> [Assignment]:
Beginning with the first line, return the material verbatim and without pictures.

> [Supplied data]:
•••
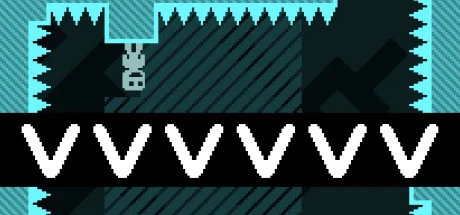 VVVVVV official Steam artwork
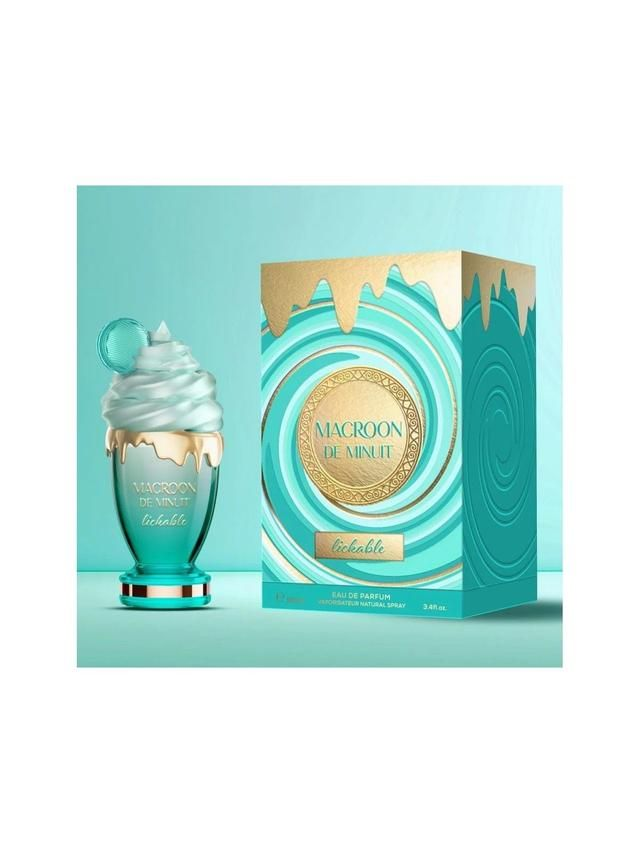 Montage Brands Agua De Perfume Macroon Minuit Lickable 100 Ml - Afaq
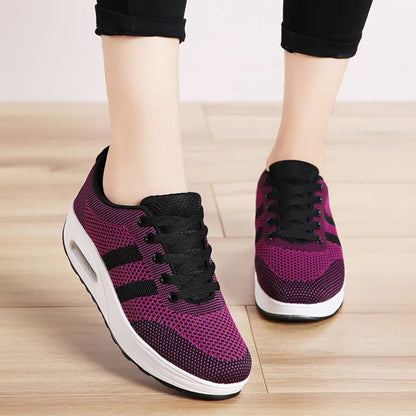 Bulle D'Air – Orthopädische Sneaker mit Luftpolster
•••
> [Exercise output]:
 VVVVVV official Steam artwork
 Montage Brands Agua De Perfume Macroon Minuit Lickable 100 Ml - Afaq
 Bulle D'Air – Orthopädische Sneaker mit Luftpolster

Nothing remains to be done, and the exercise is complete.